If you are a landlord, including perhaps a buy to let one (ever conscious of the recently less beneficial tax position and further consequent need to try and minimise rent voids arising from problem tenants), here are a few reminders on some legal things to look out for in relation to your residential tenants who are on Assured Shorthold Tenancy Agreements (i.e. the default position for new tenants).
This is not least increasing the number of hoops that a landlord has to jump through to be able to serve the no fault minimum 2 months’ section 21 notice to quit on a tenant expiring on or after the end of the fixed term of the tenancy agreement.
Deposits and Section 21 notices
Landlords will not be able to use the section 21 notice to quit against tenants (i.e. a minimum 2 month’s notice in prescribed form expiring not earlier than the end of the fixed term of the tenancy) if the landlord has not complied with the tenancy deposit protection rules, which are:
- The deposit must be kept in a government backed scheme.

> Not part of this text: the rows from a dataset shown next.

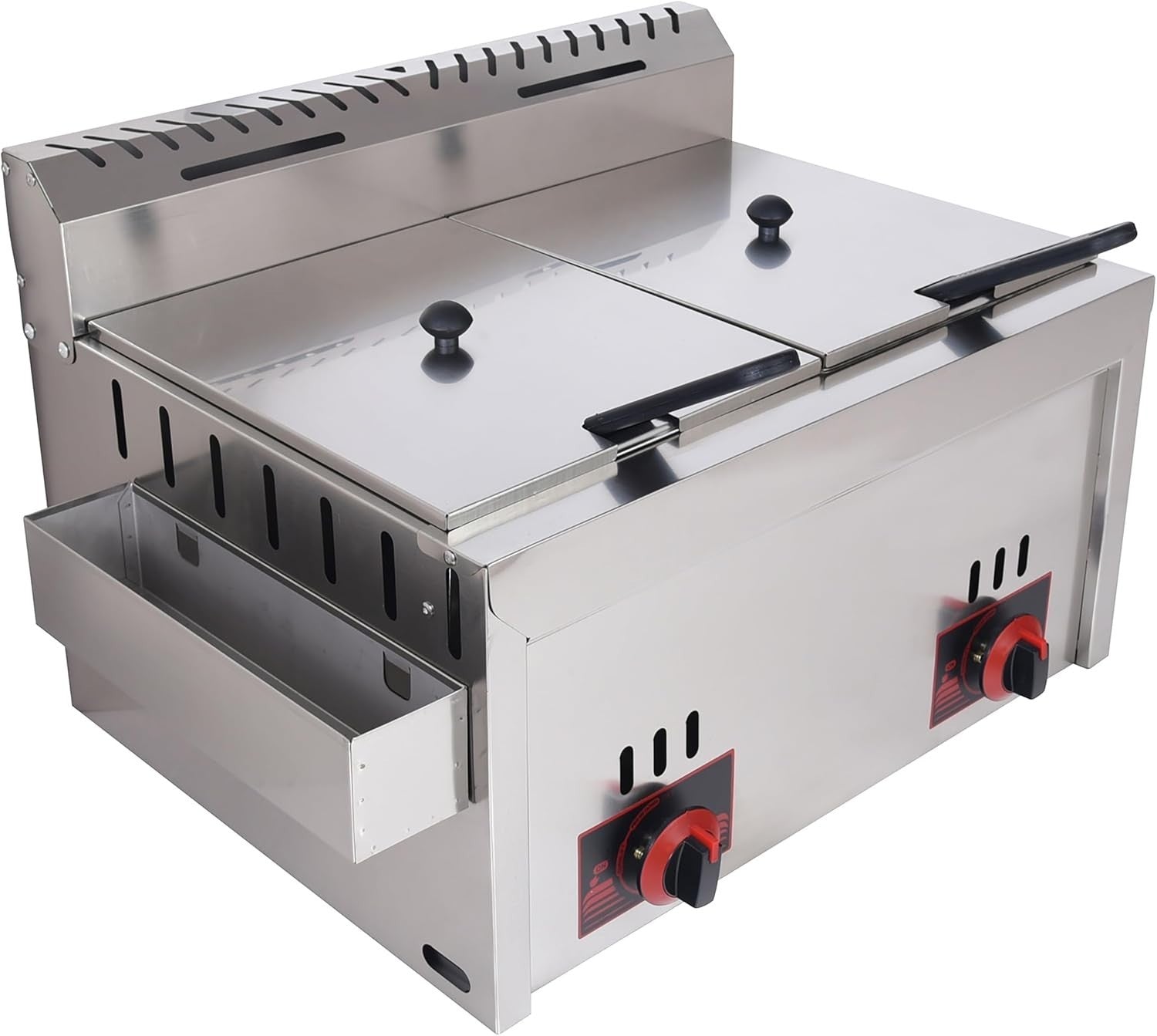 Commercial Gas Deep Fryer 20L Double Tank Standing Stainless Steel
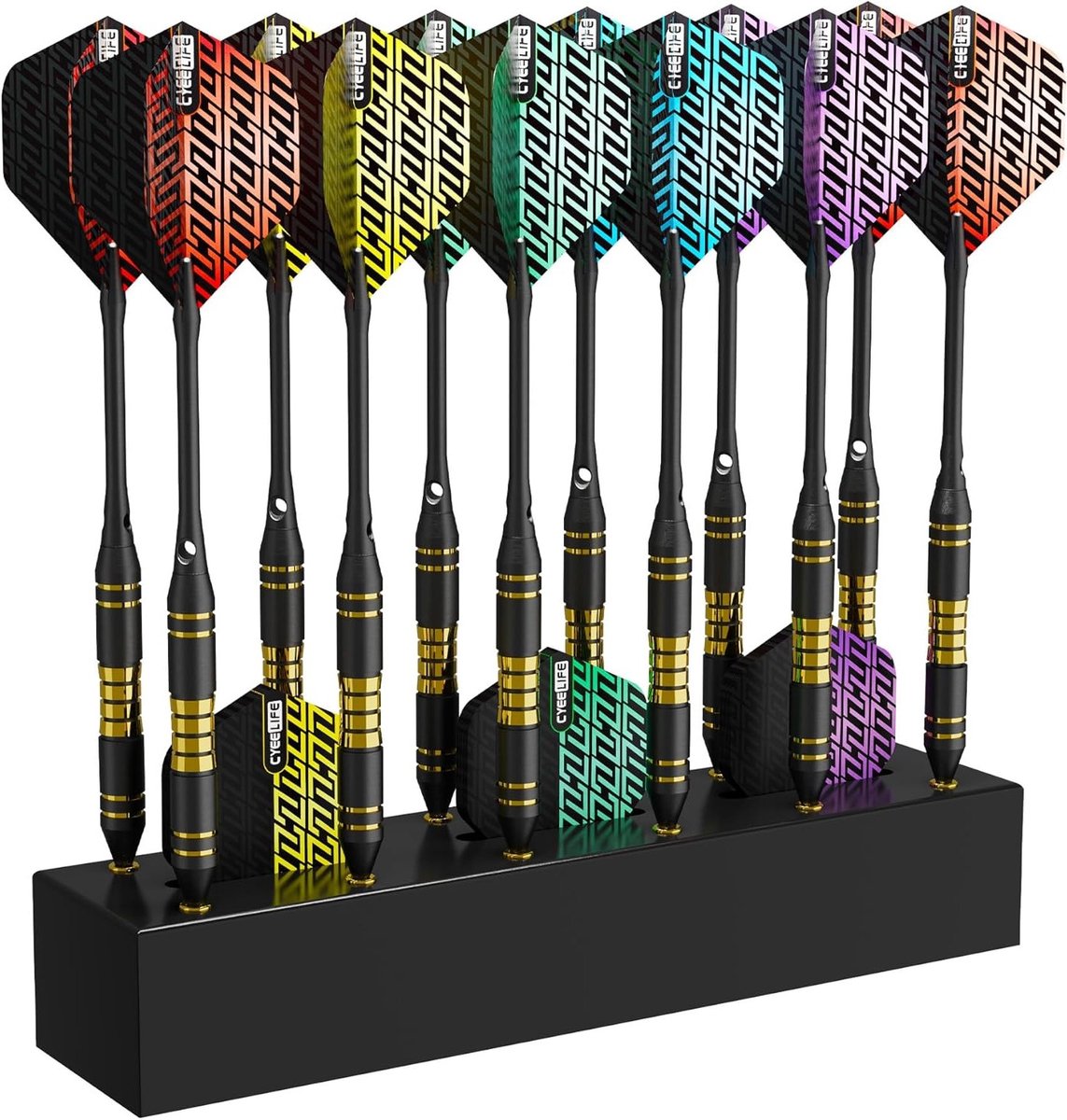 Dart Houder - Dart Accessoire - Dart Opbergen - 12 Dart Slots - 17.4 x 17.4 cm - Zwart Hout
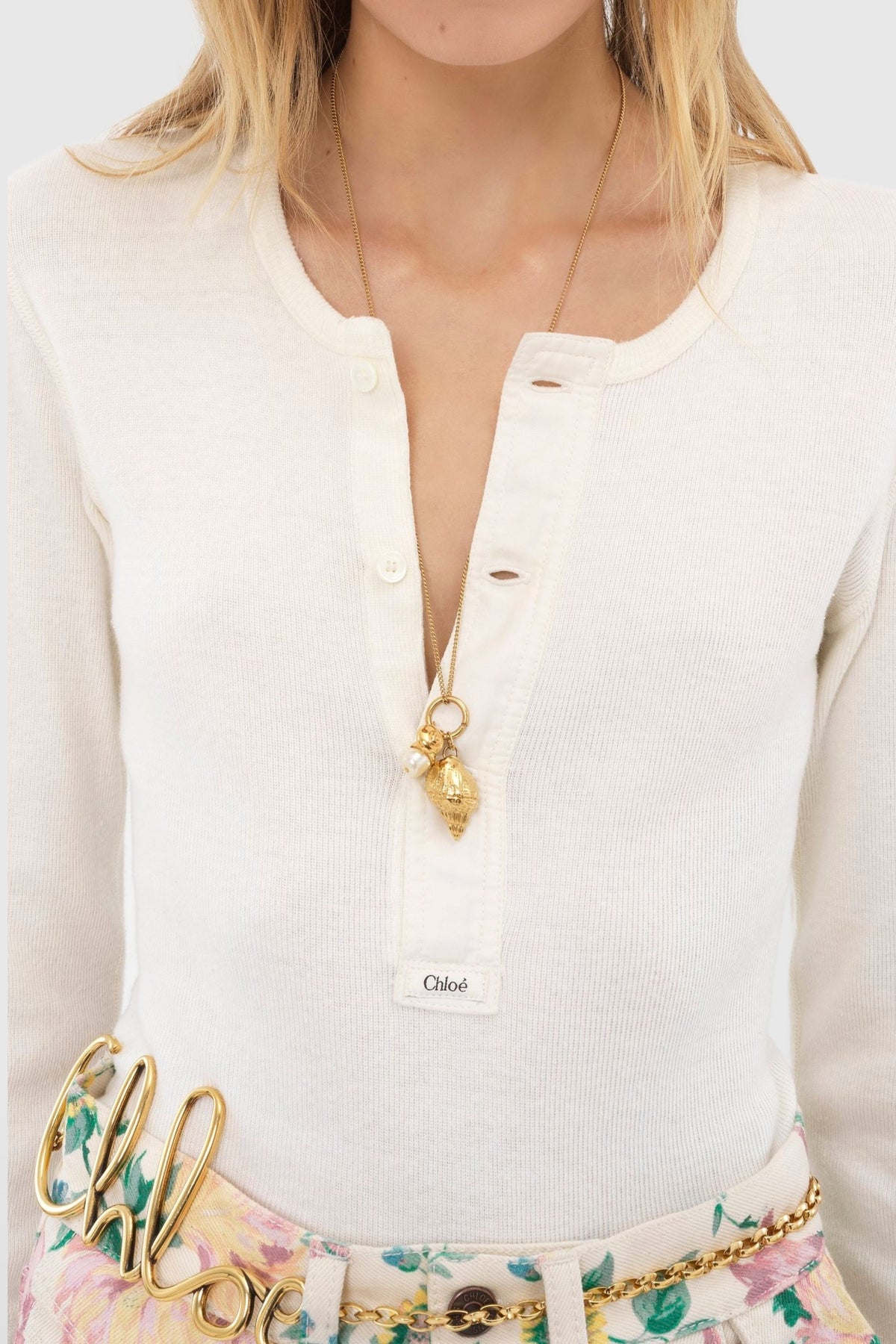 Chloé Cotton Henley Top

- The deposit must be put in such scheme within 30 days of receiving it (or, if the deposit was received before 6 April 2007, by 23 June 2015).
- The tenant must be given the required information about where the deposit has been placed.

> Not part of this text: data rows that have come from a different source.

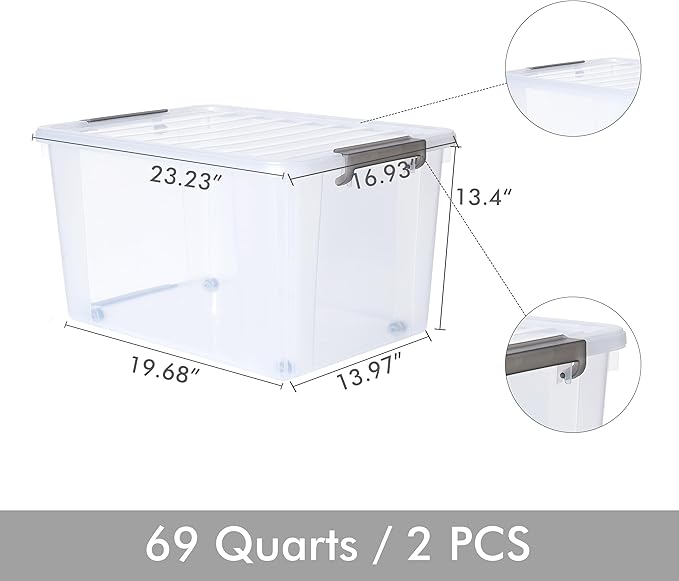 Citylife 69 QT Plastic Storage Bins with Latching Lids Stackable Storage Containers for Organizing Large Clear Storage Box for Garage, Closet, Kitchen, 2 Packs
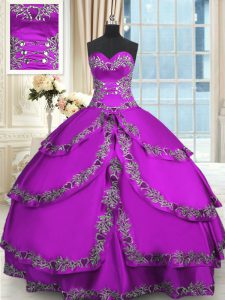 Purple Ball Gowns Beading and Embroidery and Ruffled Layers Vestidos de Quinceanera Lace Up Taffeta Sleeveless Floor Len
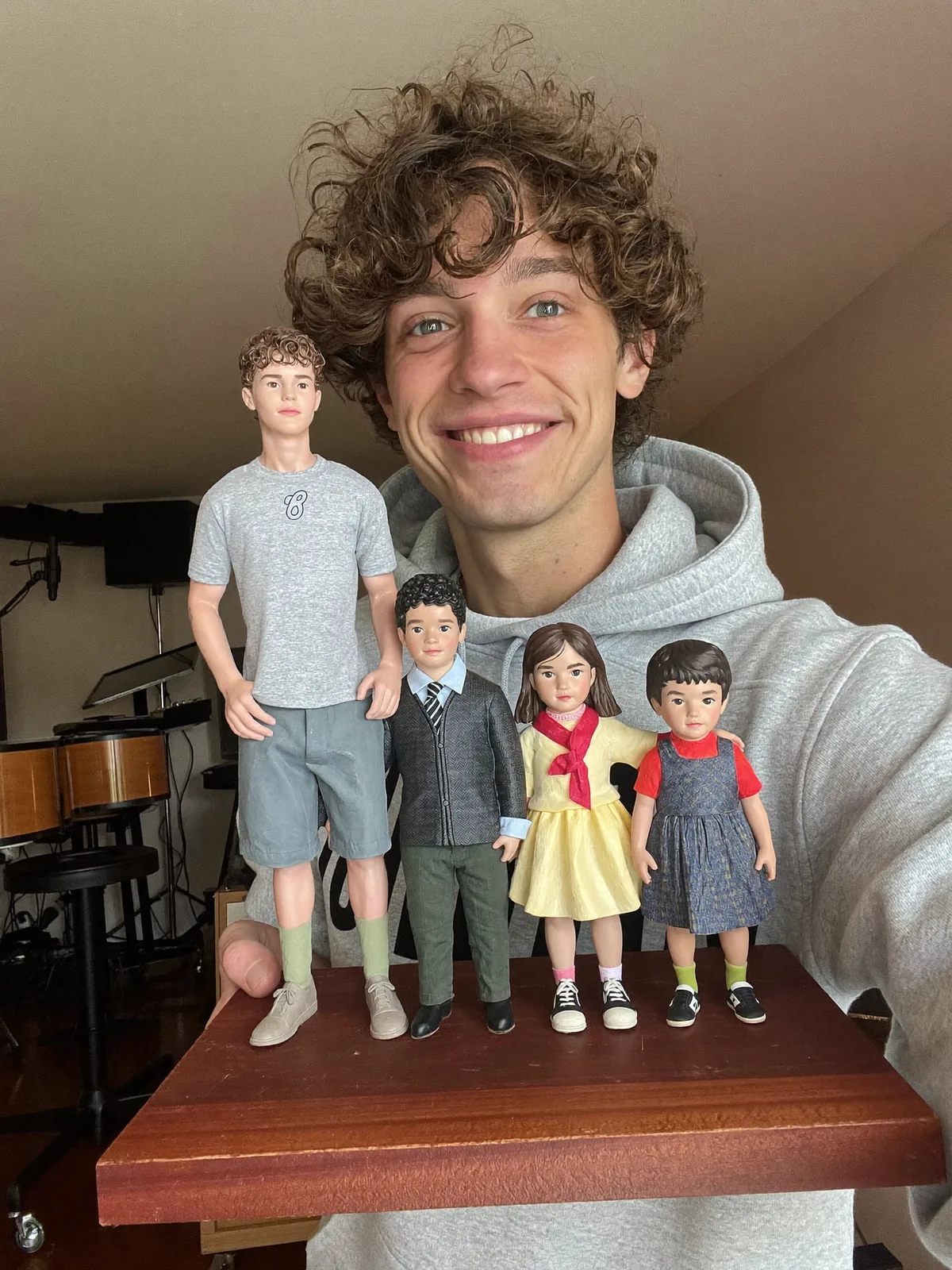 Hand-painted family sculpture group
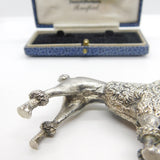 Cast Sterling Silver Figurine Ornament of Poodle Dog Vintage c1970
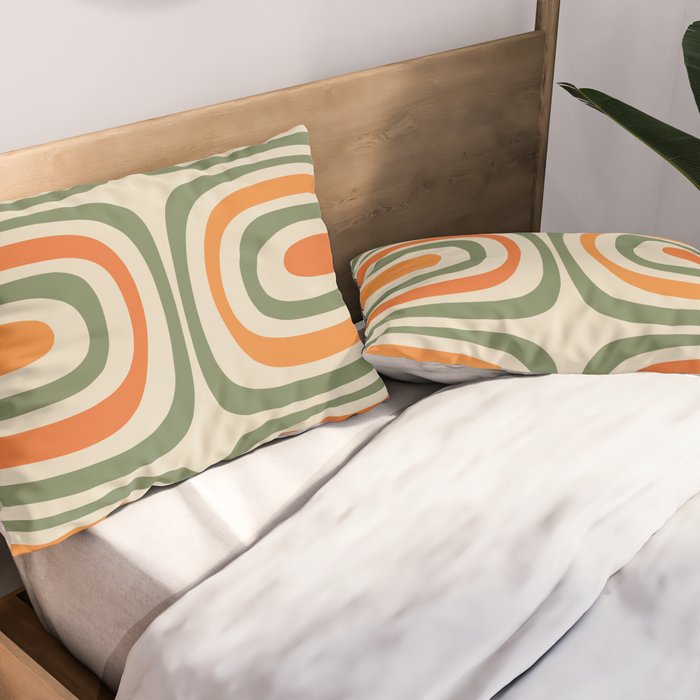 Retro Abstract Boho Confaab Vertical Pattern in Mossy Olive Green Orange Beige Pillow Sham Gallery Image 2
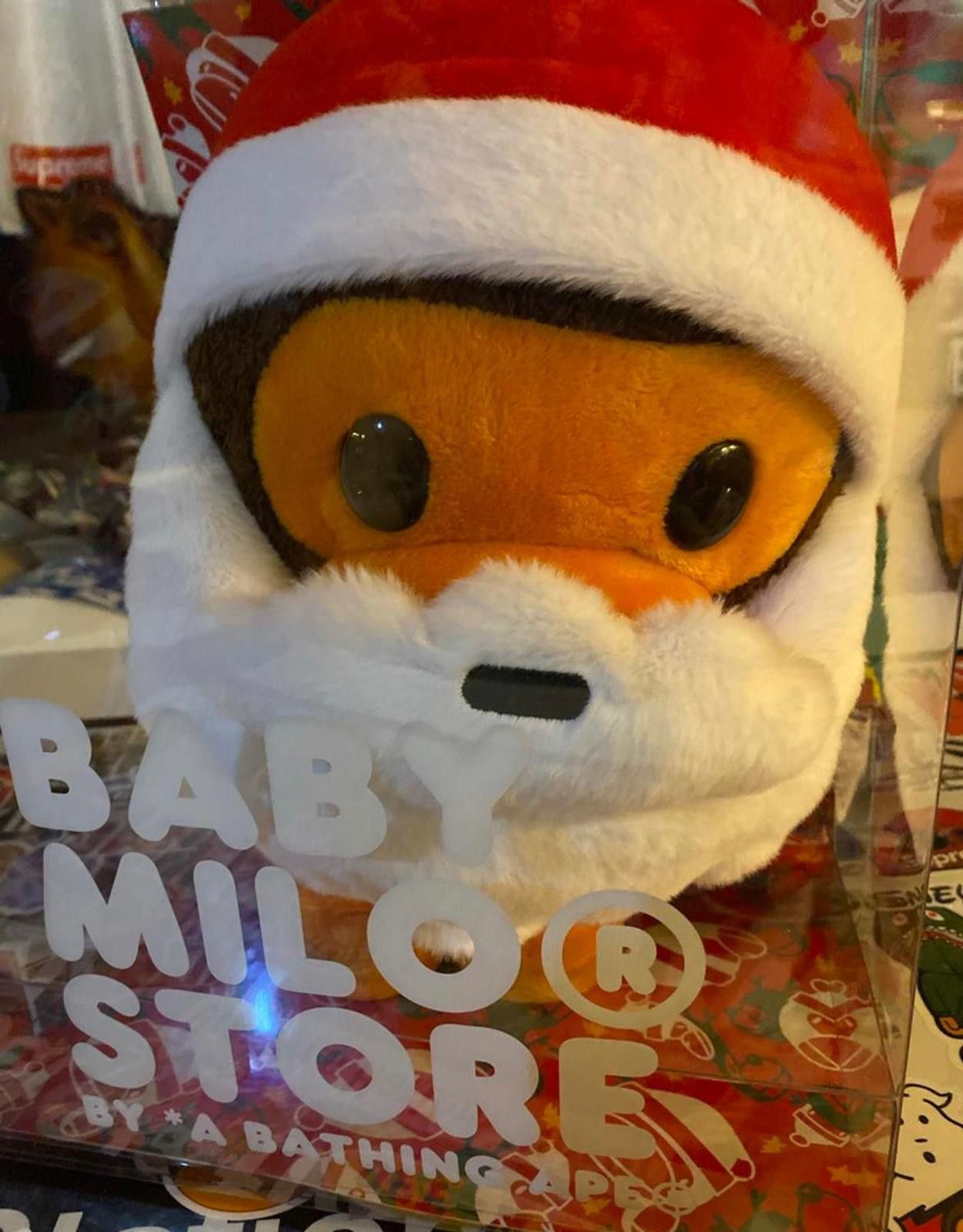 Bape Cute Monkey Plush Toy with Santa Hat and Cape - Holiday Them Size ONE SIZE - 6 Thumbnail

If the rules have not been complied with then it would be safest to return the deposit to the tenant before the section 21 notice was served.
If the tenancy deposit protection rules have not been complied with, and depending to an extent on how much they already know about letting properties, the landlord may also be liable for paying a fine to the tenant at up to three times the amount of the deposit.

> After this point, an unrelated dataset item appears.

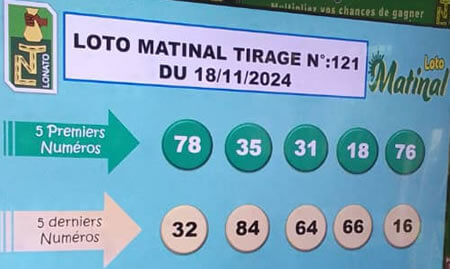 Résultats du loto Matinal tirage 121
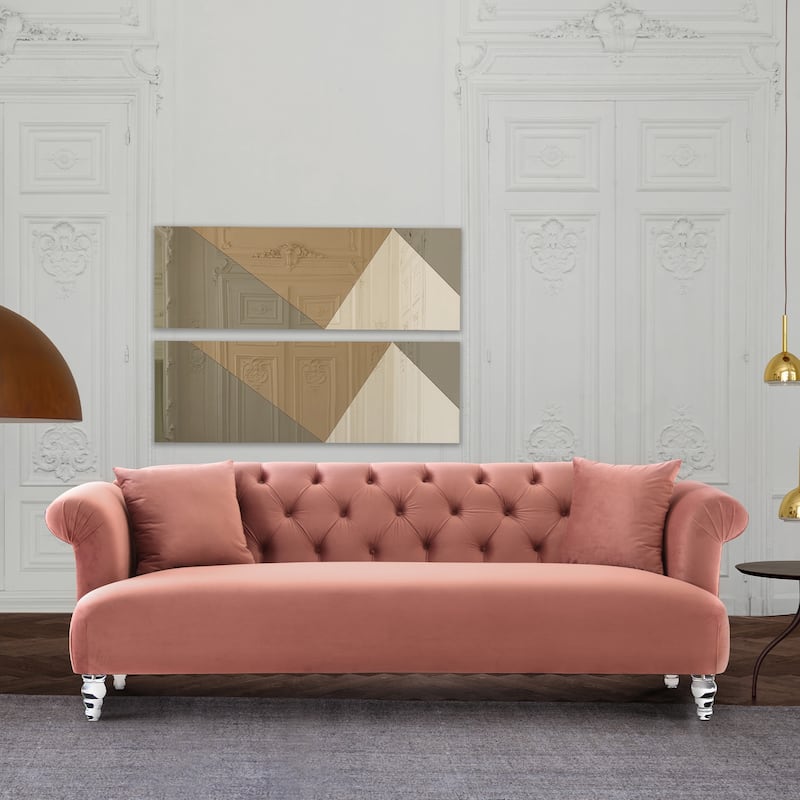 Armen Living Elegance Sofa in Velvet with Acrylic Legs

The adjudicator of the scheme (or the court if a landlord or tenant has made a court application for this) deals with disputes about the return of the deposit.
Section 21 notices/section 8 notices
Section 21 notices
The Assured Shorthold Tenancy Notices and Prescribed Requirements (England) Regulations 2015 brought in with effect from 1 October 2015 a new prescribed form for the section 21 notice. The legislation also says that if the landlord does not provide:-
- a copy of the gas safety certificate;
- energy performance certificate; and
- government produced ‘how to rent’ booklet;
to a tenant then a landlord will not be able to use the section 21 notice to quit. This is in addition to the need for the deposit protection rules to be followed by the landlord.
Section 8 notices
Fairly recent caselaw (Masih v Yousaf 2014) has confirmed the importance of the correct form and wording being used for section 8 notices. Section 8 notices are used when a landlord wants to get a tenant out for tenant breaches of the lease, including rent arrears.
Whatever the terms of the tenancy agreement might say, under sections 11 to 15 of the Landlord and Tenant Act 1985, landlords are responsible, for residential tenancies with a term of less than 7 years, for keeping the structure and exterior of the property in repair, and also for its sanitary and heating facilities.
Under legislation tenants can also get local authorities to bring enforcement action against landlords for breaches of these obligations by serving improvement notices.
Since 1 October 2015, a landlord cannot serve a section 21 notice if there is an improvement notice that has not been complied with.
This also shows the continued importance for a landlord to make sure that there is a good check in /out report prepared for the property. Not least to show when disrepairs are as a result of tenant caused damage going beyond fair wear and tear. Such a check in/out report is also helpful with the resolution through the deposit scheme adjudicator /court of any post tenancy dispute about the amount of the deposit which is to be returned to the tenant.